Die Signale, die bisher nachgewiesen werden konnten, haben eine Frequenz von rund 100 Hz, doch um die viel größere Bandbreite von Gravitationswellen zu ermessen, müssen Wissenschaftler in der Lage sein, die niedrigen Frequenzen zwischen 0.1 mHz und 1 Hz zu erkunden, die freigesetzt werden, wenn beispielsweise supermassive schwarze Löcher im Zentrum der Galaxie verschmelzen. Und das kann nur vom Weltraum aus beobachtet werden.
LISA Mission
Die ESA plant bis 2034 eine Konstellation aus drei Sonden in den Orbit zu schicken, die die Gravitationswellen vom Weltraum aus erforschen sollen. Die Sonden der LISA Mission sollen in einer Dreiecksformation fliegen und über Laserstrahlen verbunden sein. Die hypersensiblen Instrumente mit der Test-Masse an Bord müssen so konstruiert und platziert sein, dass sie von allen externen und internen Kräften oder möglichen Störungen abgeschirmt sind und nur die Gravitation und mögliche Gravitationswellen messen. LISA Pathfinders Aufgabe war es daher, eine Technologie zu erproben, in der die Test-Apparatur keinerlei Bewegung oder Erschütterung ausgesetzt ist und das „in bisher nicht gekannter Genauigkeit“, so Paul McNamara, leitender Wissenschaftler bei LISA Pathfinder. Die Messgeräte wurden in der Mitte der Sonde platziert, verbunden durch einen Laser Interferometer, und geschützt durch mehrere Mikronewton-Stoßdämpfer, die die Sonde präzise um die Messegeräte herum in Position hielten. Das Testmodell war so erfolgreich, „dass die Unterschiede im Gravitationsfeld, die durch die Sonde selbst verursacht werden könnten, gleich Null waren“, berichtet Paul McNamara.
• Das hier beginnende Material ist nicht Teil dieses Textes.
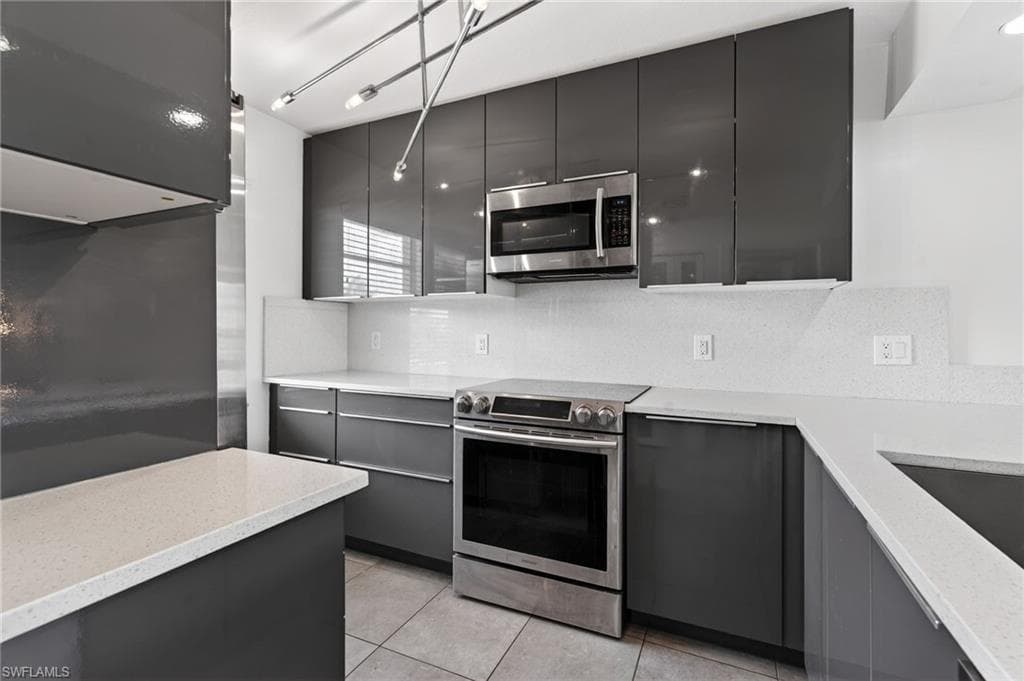1666 Osprey Ave 106, Naples, FL 34102-6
Schon die ersten Ergebnisse, veröffentlicht im Juni 2016 im Physical Review Letter, ergaben eine Präzision bei hohen Frequenzen zwischen 60mHz und 1 Hz, die alle Erwartungen in die Sonde LISA Pathfinder um das Doppelte überstiegen. Auch im niedrigeren Frequenzbereich (1 – 60mHz) waren die Resultate besser als gefordert. In den folgenden Wochen kühlten die Wissenschaftler die Sonde auf niedrigere Temperaturen herunter, mit dem Ergebnis einer nochmaligen Reduzierung von Lärm und Bewegung für die Testinstrumente im Frequenzbereich 1 bis 60 mHz. „Wir haben nicht nur die Anforderungen für LISA Pathfinder überschritten, sondern auch die geforderte Genauigkeit für die künftige LISA Mission in allen Frequenzen. Wir sind bereit für den nächsten Schritt“, freut sich Karsten Danzmann, Direktor des Max Planck Institutes für Gravitationsphysik an der Leibniz Universität Hannover, einer der Hauptkooperationspartner für die LISA Technik.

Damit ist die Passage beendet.